Make no mistake, the shift away from traditional messaging is a recent strategy. In fact, as recently as 2012, Proactiv was lambasted online by consumers for a horrible advert that told girls that their acne was the reason they did not have a boyfriend. Maybelline has been using the tagline ‘Maybe she’s born with it. Maybe it’s Maybelline’ since 1991. Some saw this as saying beauty isn’t natural so they changed their tagline to ‘Make it happen’ in 2015. As you can see, the new tagline is encouraging you to use and flaunt what you have already, rather than focus on what you weren’t ‘born’ with.

Many brands and companies are well and truly into this shift in messaging. Below we take a look at some examples of this happening:

  • In March 2020, Unilever eliminated the word ‘normal’ from its beauty and personal care brands’ packaging and advertising. Before this change, the word was used across at least 200 products. The intention is to eliminate the idea that there is one version of ‘normal’ beauty and understand that every consumer is different and should be amplifying what they have, not trying to change what they have. Unilever also said it would ban excessive editing of models’ photos to avoid unattainable beauty standards.
  • Gillette-owned razor brand Venus partnered with Animal Cross, a popular video game, to make hundreds of new avatars with diverse skin tones and features including disabilities and stretch marks. The aim here was to move away from traditional beauty marketing and tradition stereotypes of perfection and beauty and get gamers and consumers comfortable with actual normal body types and shapes.
  • Superfluid, a new beauty brand that’s only been around for five years, gained a whole host of new consumers by championing diverse bodies and skin types. They did this by including models with wrinkles, stretch marks and psoriasis in their marketing campaigns. Consumers who felt left out or ignored by other traditional brands identified with Superfluid’s values straight away and they saw an influx of socially conscious customers.
  • Glow Recipe, a Korean-American skincare brand, avoids the terms ‘flawless’, ‘poreless’, ‘ageless’, ‘anti-wrinkle’, ‘anti-ageing’ and ‘perfect’ across all branding and packaging. Co-founder Christine Chang said: ‘It goes back to our values as a brand, which is being grounded in inclusion and making sure that every one of our customers feels reflected in our marketing, where we’ve never retouched our images and also ask the influencers we work with not to either.’
  • Anti-ageing messaging is being ditched completely by the beauty industry as research firm Euromonitor states: ‘The underlying assumption that beauty comes at any age and ageing shouldn’t be seen as a problem that needs to be fixed’. Brands such as Neutrogena and Allure ban the term ‘anti-aging’ as they don’t want to focus on unattainable beauty standards that will put consumers off.

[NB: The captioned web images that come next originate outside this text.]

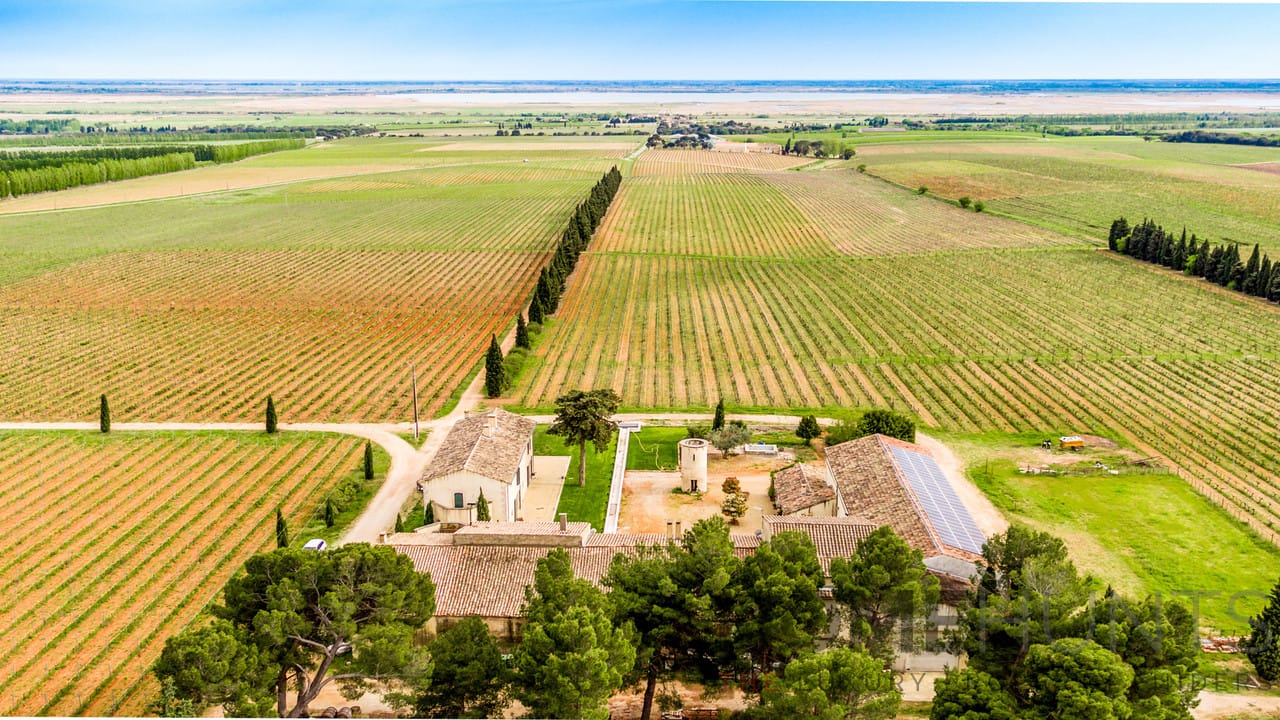 property_HH-15520758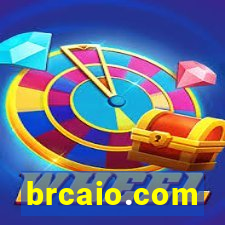 brcaio.com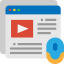 Website icon 64x64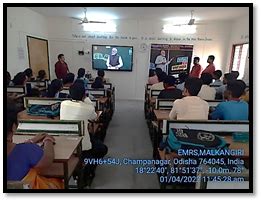 Press Release:Press Information Bureau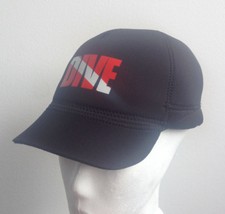 ISC 2 mm Neopren Taucher Kanu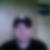 Profilbild von Peter Gratz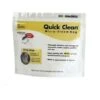 Quick Clean Sacca Per Sterilizzazione A Microonde 5 Pezzi -Farmacia Point-IT quick clean sacca per sterilizzazione a microonde 5 pezzi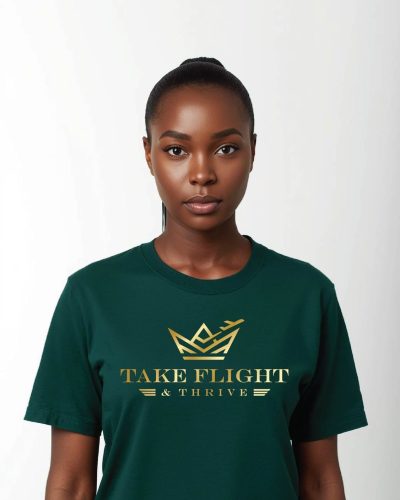 695eeed27065e_ThriveShopMerch_FullLogo2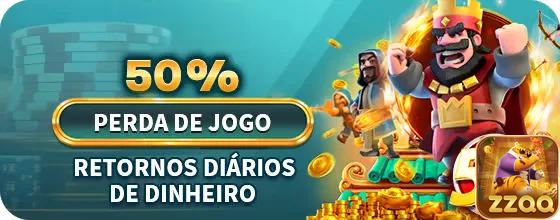 zzqq.com explore imersivo jogo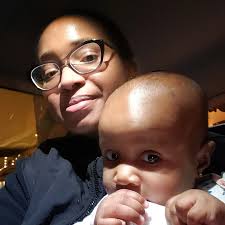 Miranda Uzoma Ewelukwa, MD, FAAD (@houstondermdoc) • Instagram photos and  videos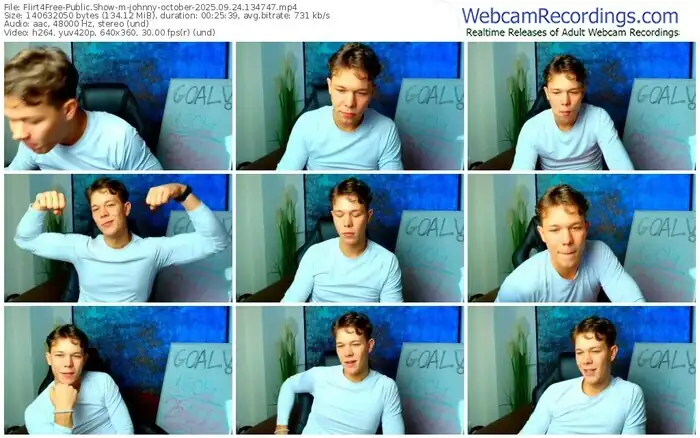 2025/09/24/flirt4free-johnny-october-13-47-47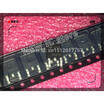 50Pcslot Aod425 D425 To 252 Free Shipping New Ic huismerk kopen in de aanbieding 50Pcslot Aod425 D425 To 252 Free Shipping New Ic huismerk kopen in de aanbieding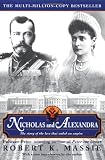 Nicholas and Alexandra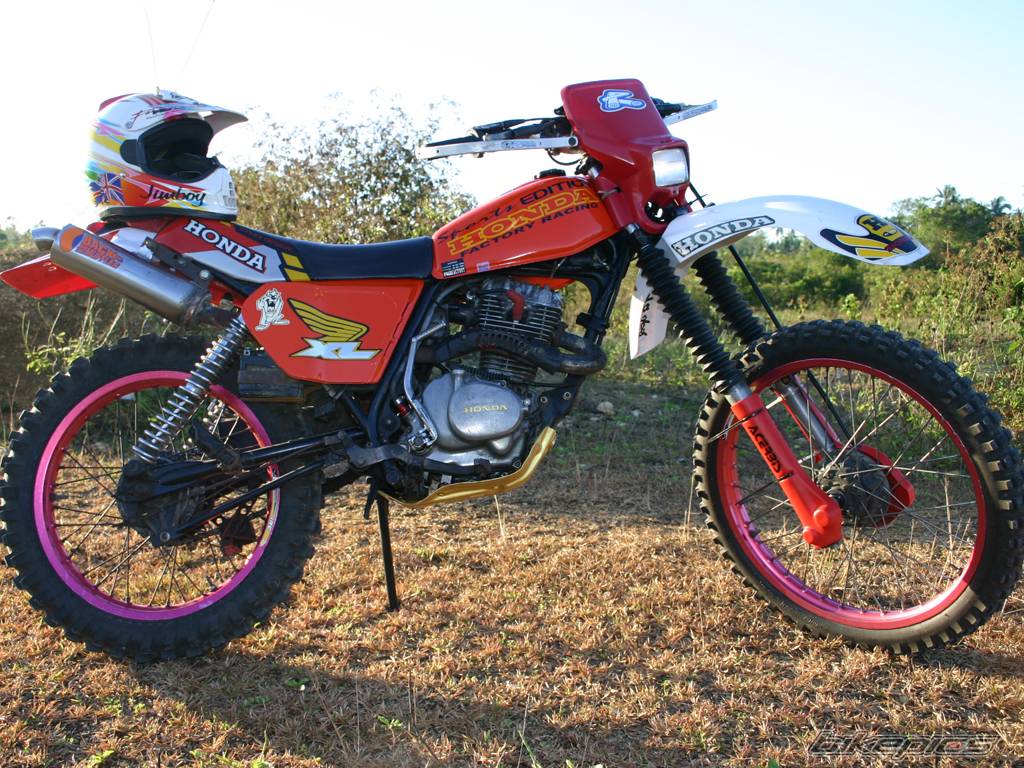 Bike Photo 562386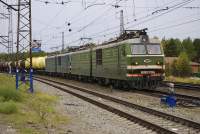 10-794/10-360
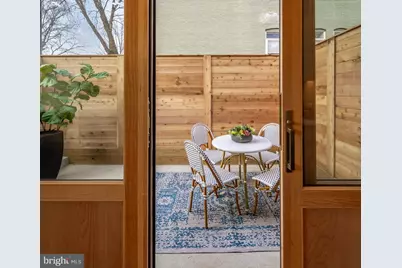 1235 W Street NW #E-1, Washington, DC 20009 - Photo 11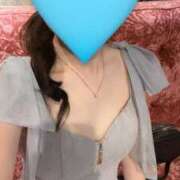 ヒメ日記 2025/07/03 19:59 投稿 ゆう クラブアリア -CLUB ARIA-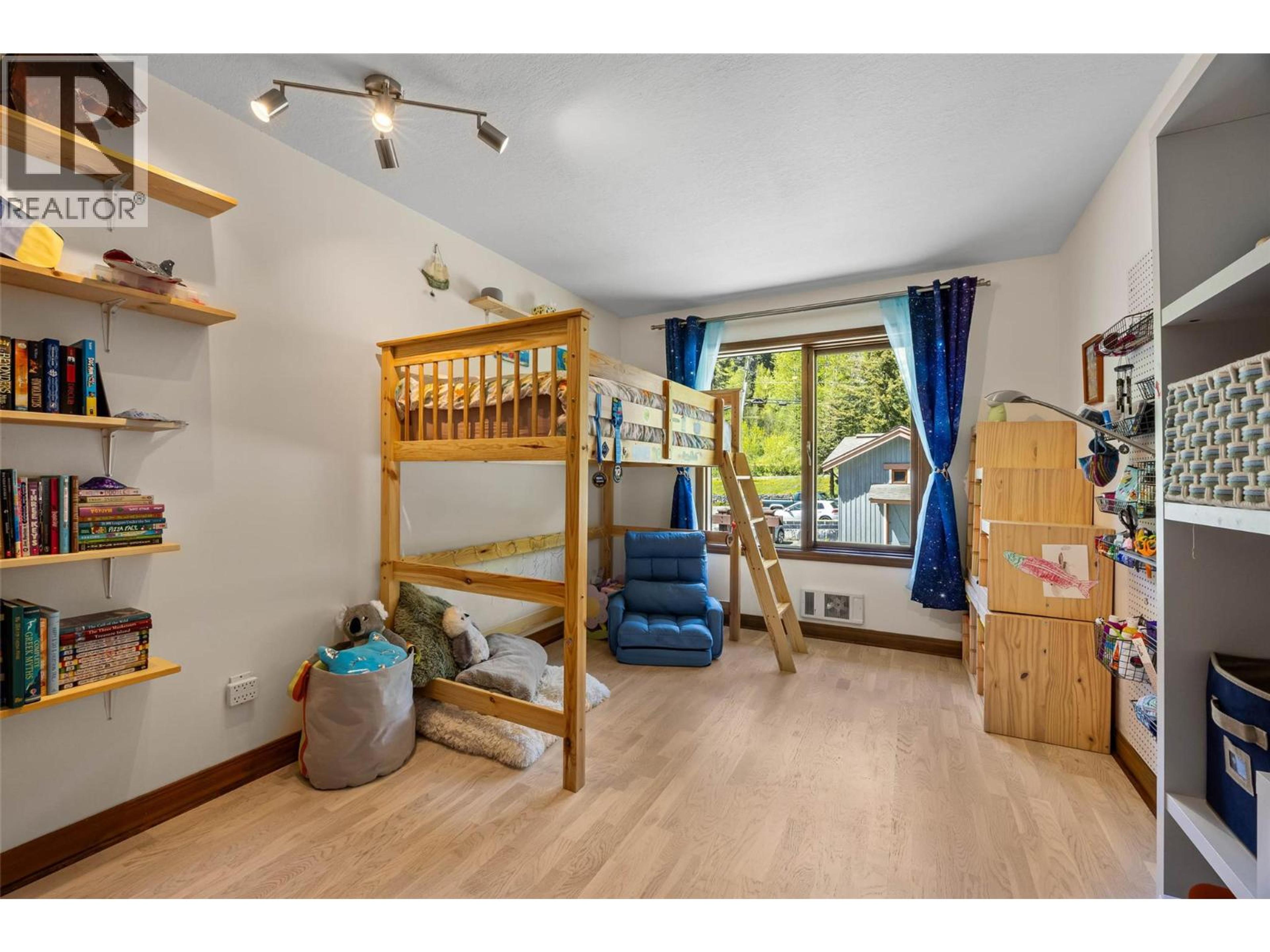 #24 2140 SUN PEAKS ROAD - 12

Language such as ‘perfection’ and ‘normal’ being ditched isn’t a global trend. Studies show that Asian consumers still strive for perfection and flawless skin. However, the change is slowly but surely coming to the continent. Korean beauty brand Amorepacific launched a skincare brand called ‘Enough Project’ with the tagline ‘You are enough just the way you are’, in an attempt to bring the same body positive messaging ethos to Asia. The change isn’t complete yet but the journey to acceptance in Asia has started.

With social media and the truth that consumers flip opinions and stance as easy as a coin is flipped, brands will always endeavour to target loyal customers and keep them buying. By focusing on messaging that their consumers identify with, customers become advocates for the brand. Consumers are sick and tired of being told they need to alter their look to be ‘normal’ or ‘perfect’ … ‘body positivity’ and ‘inclusion’ are the current buzz words of focus if you’re marketing a beauty/cosmetic product.